Deep in the oceans, hundreds of cables carry much of the world’s phone and Internet traffic. Since at least the early 1970s, the NSA has been tapping foreign cables. It doesn’t need permission. That’s its job.

Et comme l’explique très bien Wikipedia, la NSA elle même l’avait avoué :

De 1945 à 1975, la National Security Agency (NSA) américaine a obtenu systématiquement des principales entreprises de télégraphie (RCA global, ITT World Communications et la Western Union) l’accès aux messages circulant par câble (Project SHAMROCK). L’interception des télécommunications se faisait au départ par la collecte de copies papier detélégrammes, puis par la remise de bandes magnétiques; elle se fait aujourd’hui par la connexion directe des centres d’émission aux circuits internationaux de communications. Selon la commission Church du Sénat américain (1975), la NSA sélectionnait environ 150 000 messages par mois, sur un total de 6 millions de messages par mois, pour en faire un compte rendu (soit 1 message sur 40). Des milliers de messages étaient transférés à d’autres agences de renseignement pour analyse. (source)

Et Associated Press d’enfioncer le clou sur ce que nous vous claironnons depuis le début :

The second and far murkier one is how Prism fits into a larger U.S. wiretapping program in place for years.

Sans blaaaaaague ?

 

#Prism : pourquoi ce pseudo scandale m’en touche une sans faire bouger l’autre ?

catchlonVous êtes plusieurs à m’avoir demandé une réaction aux récentes révélations sur ce qui a gentiment débuté par le pseudo scandale Verizon. Je n’en avais pas particulièrement envie car je trouve tout ce foin complètement ridicule. Entre les américains indignés, les européens qui jouent les vierges effarouchées (les anglais qui accueillent des bases relais d’Echelon sur leur territoire doivent bien rigoler), et la presse qui fait ses choux gras de cette information vieille d’une douzaine d’années, j’estimais ne pas avoir de choses particulièrement intéressantes à vous raconter. D’ailleurs, je ne suis toujours pas convaincu que ce qui va suivre sera vraiment intéressant pour nombre d’entre vous… vous voilà avertis. Je ne m’étendrai d’ailleurs pas bien longtemps sur PRISM, car une autre information me semble tout de même un peu plus intéressante.

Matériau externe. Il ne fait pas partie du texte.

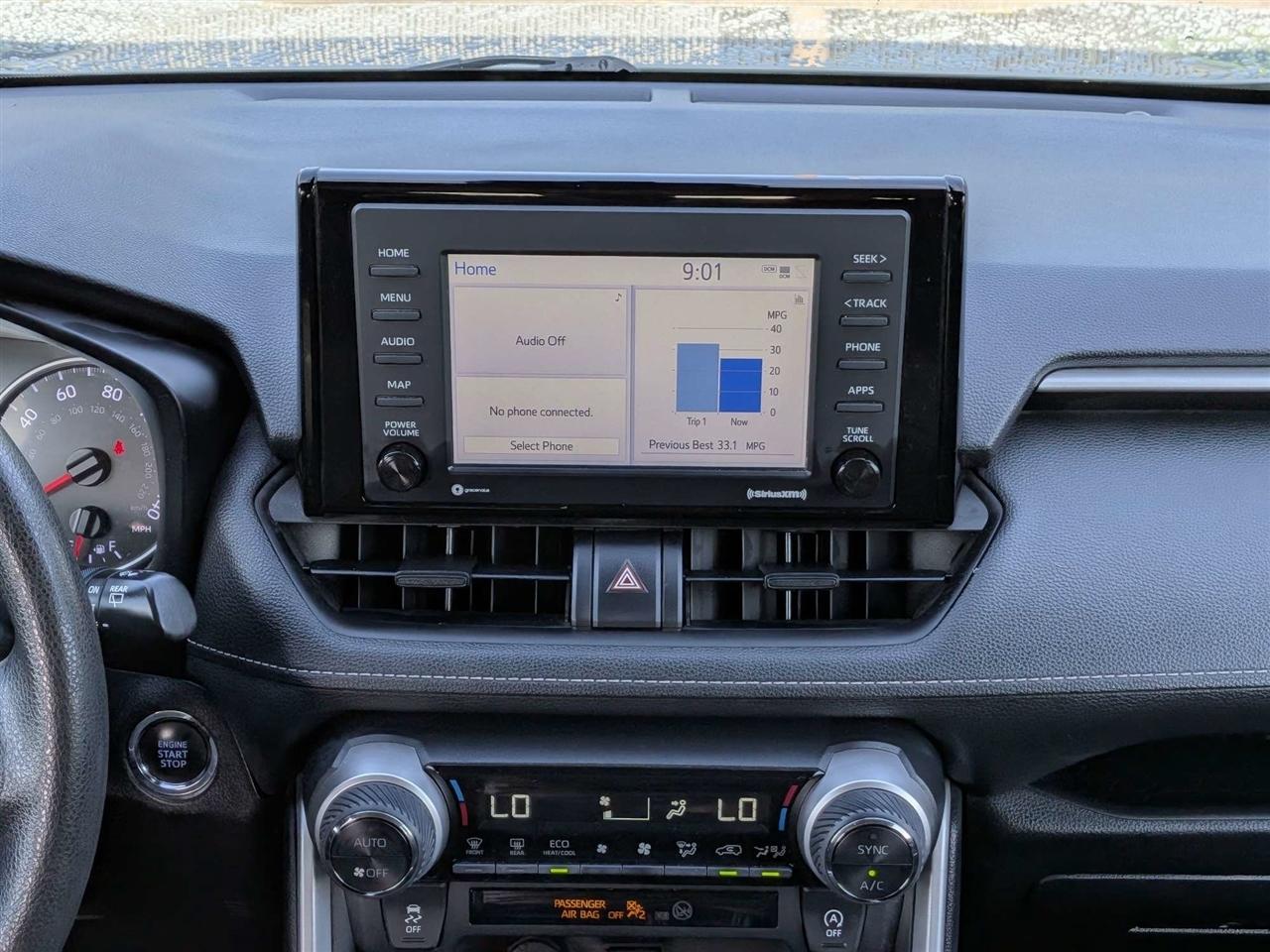 Toyota RAV4 XLE 2022
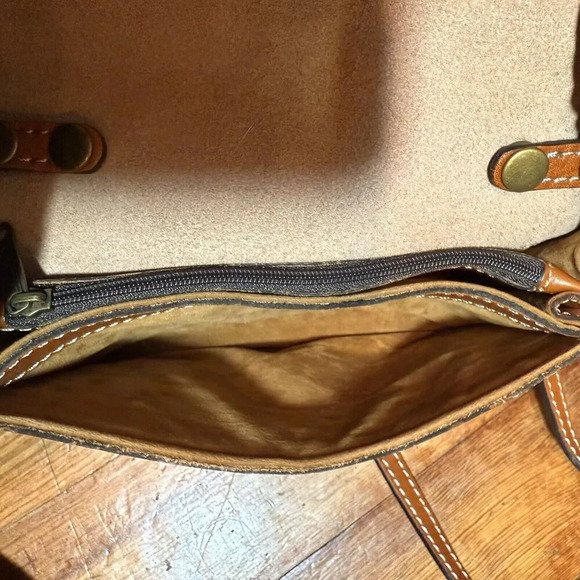 PATRICIA NASH Torri Tan Leather Heritage Collection Crossbody Bag Organizer - Picture 6 of 6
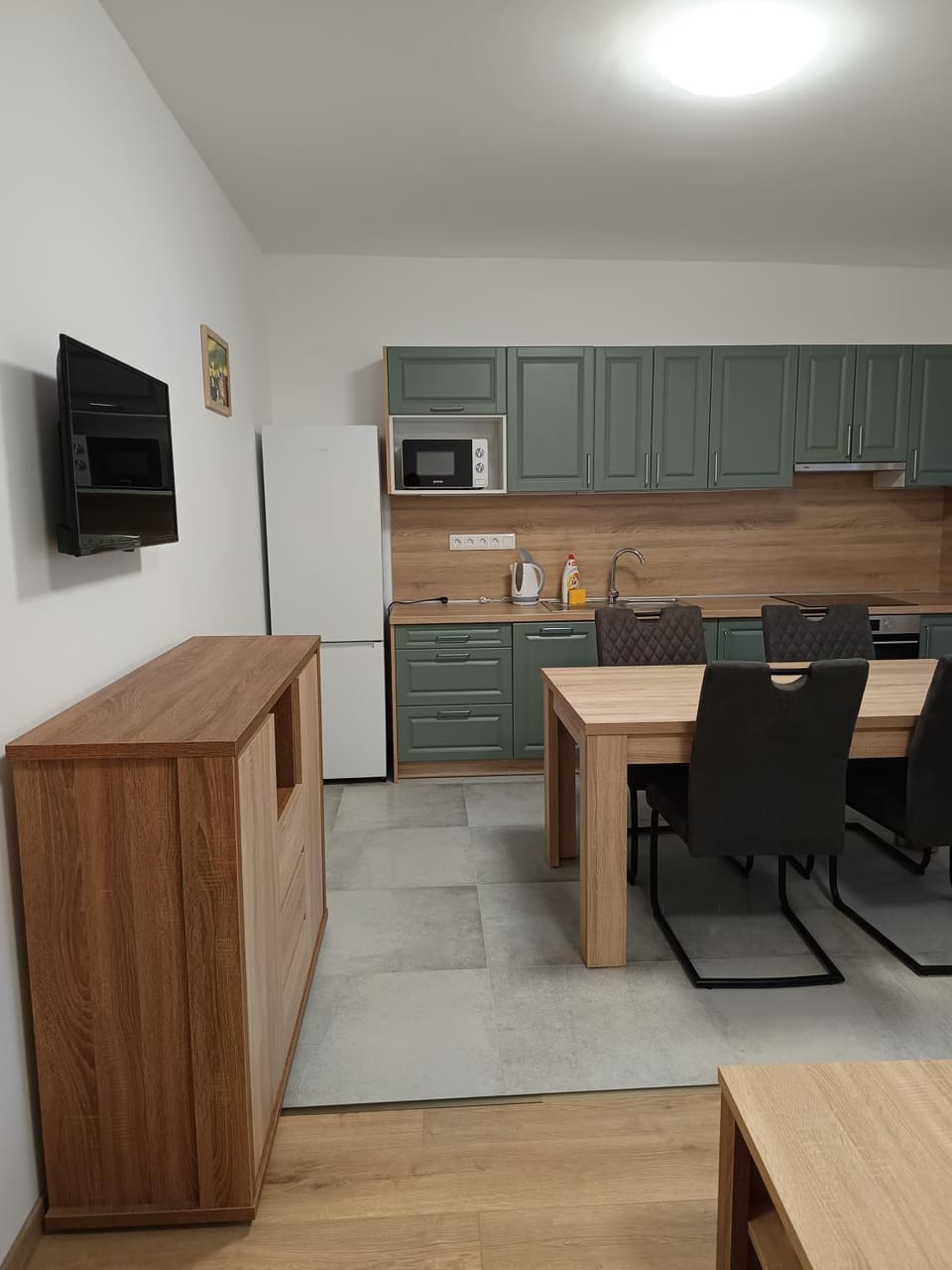 TV and multimedia, Kitchen or kitchenette, Dining area, dishwasher, microwave, oven, kitchen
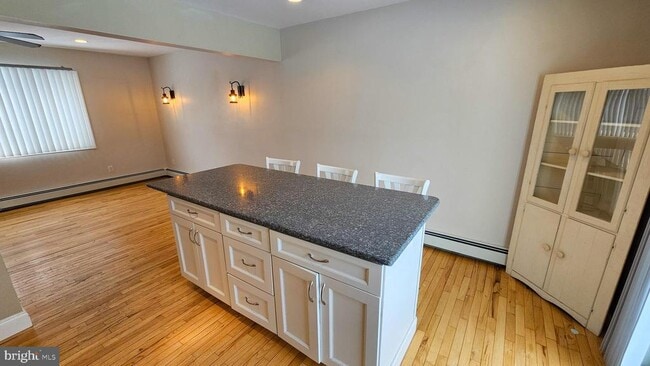 Building Photo - 213 8th St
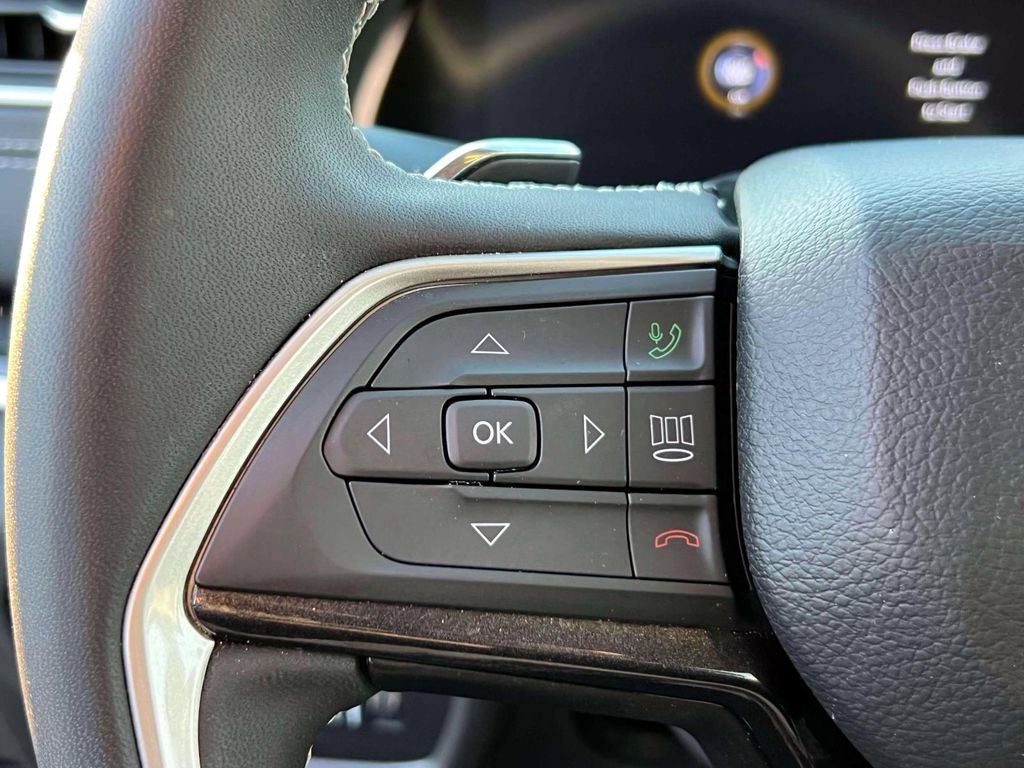 Certified 2023 Jeep Grand Cherokee L Laredo image 21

Depuis quelques jours, il faut l’avouer, je rigole allègrement. Je rigole de la naiveté patriotique candide des américains, je rigole de toute cette presse qui fait semblant de s’étonner, je rigole des réactions des politiques européens qui miment de tomber des nues… car oui, c’est soit disant nouveau, tout ce petit monde peut enfin mettre un sobriquet sur Big Brother : PRISM. Enfin, ça, c’est ce que tout le monde pense, la réalité est toute autre et c’est Kitetoa (désolé pour le ComicSansMS) qui vous l’exposera à l’occasion de Passage en Seine. Prism n’est en fait qu’une infime partie d’un programme bien plus vaste.

Merde ! Les adeptes de la conspiracy theory avaient raison alors ? Ben ouais ils avaient raison…wow le scoop !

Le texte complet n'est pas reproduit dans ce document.